In March 2015, city council failed to confirm Sheehan as chief of police one day before his year-long probationary period in the position ended. The action effectively demoted Sheehan back to his previous rank of captain but left him in charge of the department.
The issue at the time was a dispute over Sheehan’s role in an alleged abuse of compensatory time by his second-in-command Lt. Clarence Lear. At that meeting in March 2015, council members heard Solicitor Anthony Monzo read a portion of a letter that indicated Sheehan was under criminal investigation by the County Prosecutor’s office.
That interpretation of the investigation was later disputed by the Prosecutor’s Office which found no criminal activity and maintained that the investigation at that time was not a criminal one.
Given that the most the city is seeking through the Civil Service hearing is a temporary suspension of Sheehan, the constant repetition of claims of criminal misconduct in a public meeting concerning the individual the city had made chief and, even after his demotion, had allowed continuing to run its police department, is the kind of publicity municipalities seek to avoid.
The City’s Argument
Gelfand summarized the case for the city by stating that the defense presented no evidence that the violation did not occur. The Attorney General’s guidelines state an officer must qualify twice in a calendar year and that the two qualifications must be at least 90 days apart. Gelfand maintained that Sheehan qualified Oct. 27 and Dec. 21, 2009. His two qualifications missed the 90-day separation by a month.

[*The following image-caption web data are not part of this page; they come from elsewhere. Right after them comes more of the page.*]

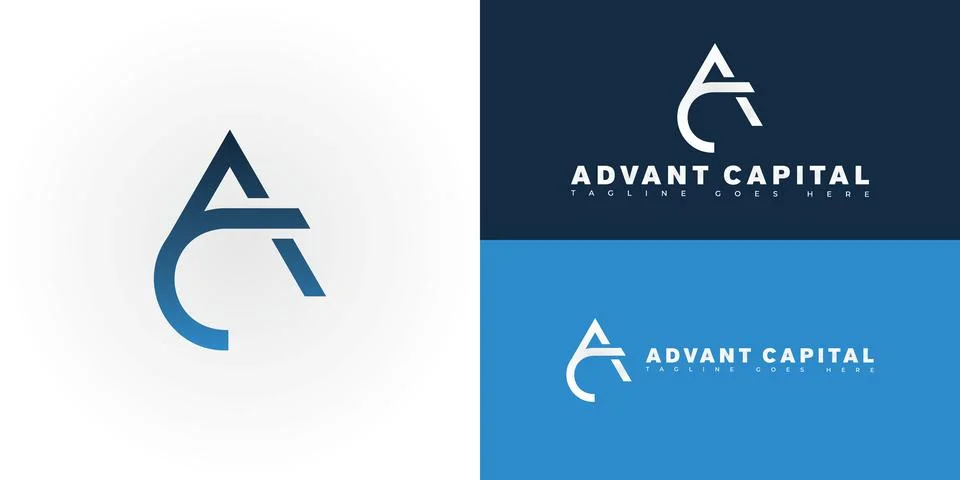 Modern initial vector letter AC or CA logo in blue color Stock Illustration
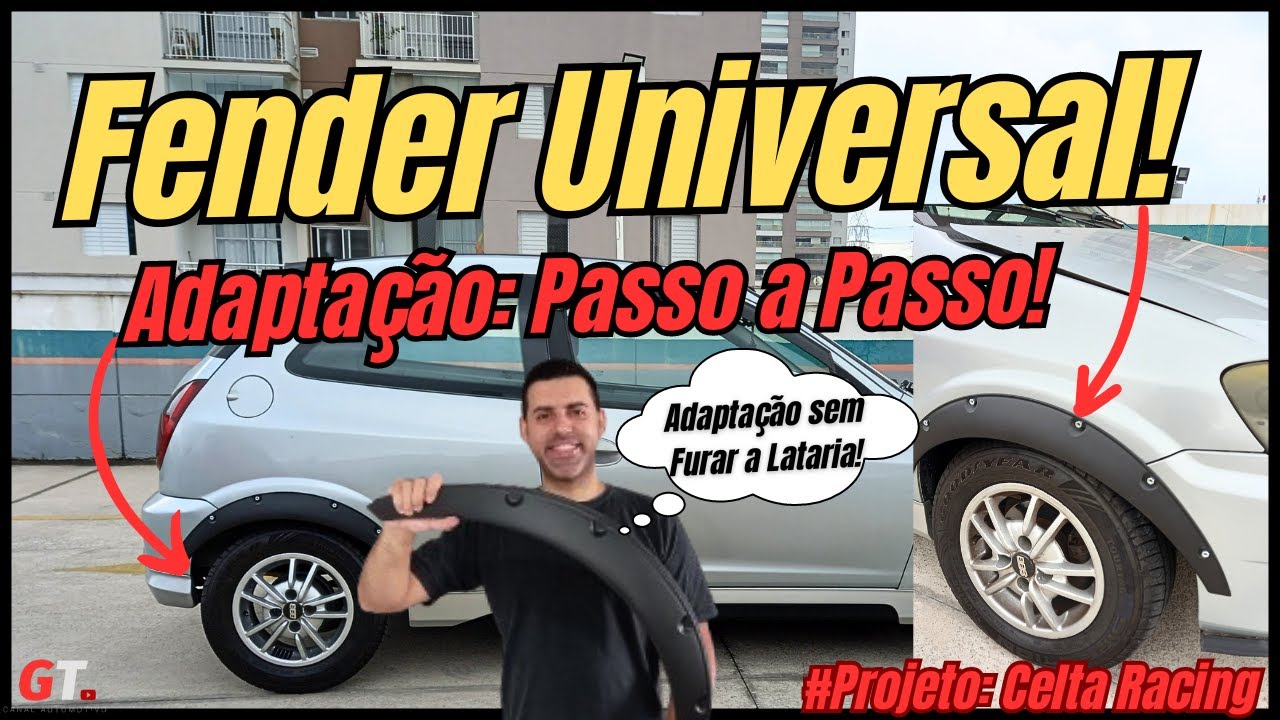 COMO INSTALAR FENDER UNIVERSAL NO CELTA, SEM FURAR A LATARIA  (MOLDURA DE PARALAMA FENDER)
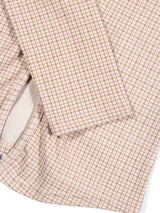 CHECK LACE SLIM SHIRT_Beige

Gelfand further maintained that the city had not taken action against then police Chief Diane Sorantino and Lear. Both qualified on the same days. The city only discovered the violation in 2015 and both had each retired by the time the investigation was complete.
Gelfand deflected the defense’s argument that Sheehan had not “knowingly” violated the regulation by stating that he had been given and was trained on the guidelines in the same year as the alleged violation occurred.
For the city, the case came down to the fact that a violation occurred, Sheehan had a responsibility to know the guidelines, and the city had a right, even an obligation, to pursue a penalty for the action when it became known.
The city’s summation went to great length to defend the integrity of its star witness, Officer Douglas Henderson, departmental firearms instructor, who testified that he made Sorantino aware of the problem with qualification even though he authored a memorandum, later sent to the Prosecutor’s Office in an annual report, which stated all officers had qualified.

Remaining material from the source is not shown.